Task instructions
Restate the listing below line for line and word for word, without the pictures.

___ Data provided

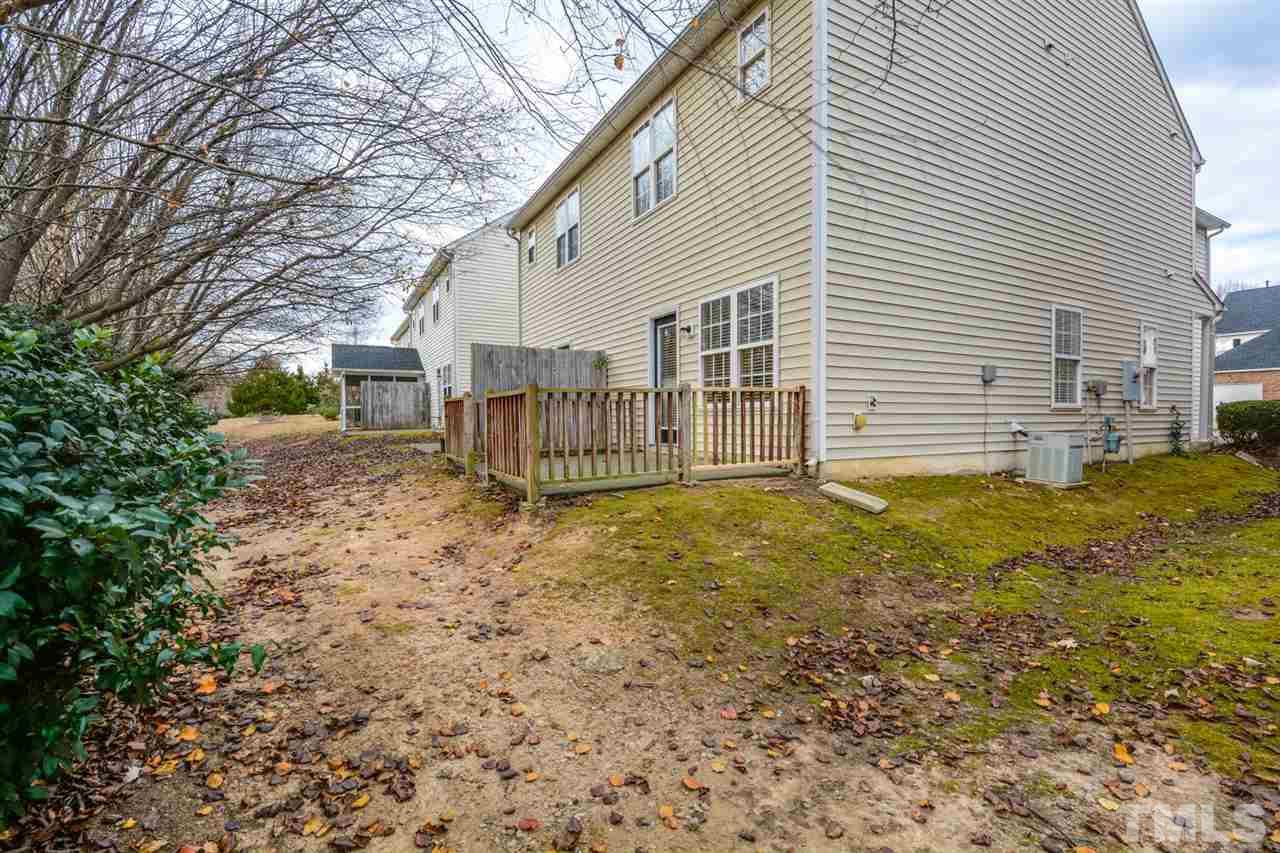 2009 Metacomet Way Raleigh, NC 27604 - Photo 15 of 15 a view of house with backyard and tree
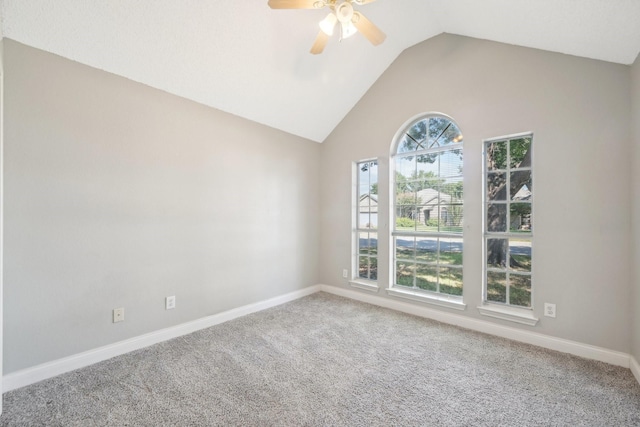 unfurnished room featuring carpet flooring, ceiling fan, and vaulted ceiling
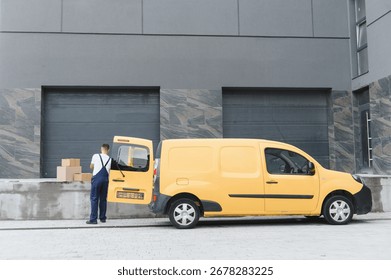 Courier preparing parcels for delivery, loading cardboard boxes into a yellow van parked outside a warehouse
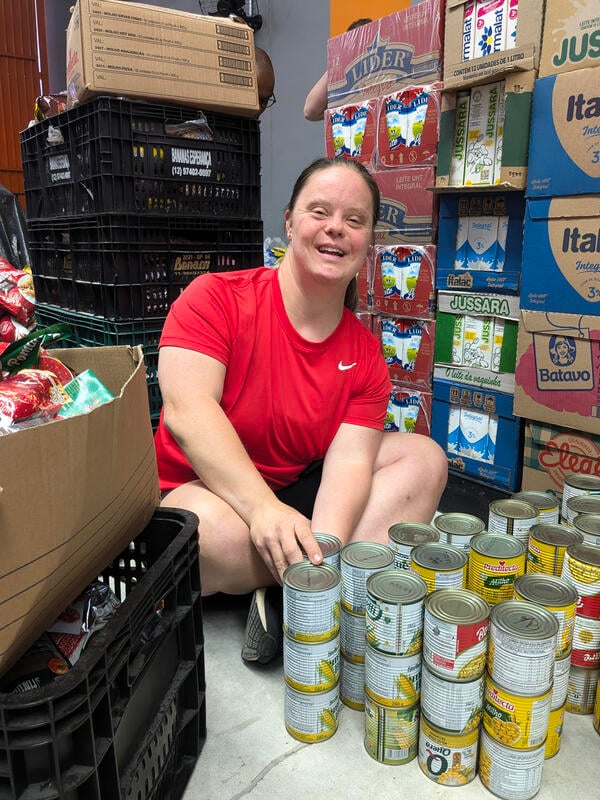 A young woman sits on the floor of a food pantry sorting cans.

______

Result of this task
 2009 Metacomet Way Raleigh, NC 27604 - Photo 15 of 15 a view of house with backyard and tree
 unfurnished room featuring carpet flooring, ceiling fan, and vaulted ceiling
 Courier preparing parcels for delivery, loading cardboard boxes into a yellow van parked outside a warehouse
 A young woman sits on the floor of a food pantry sorting cans.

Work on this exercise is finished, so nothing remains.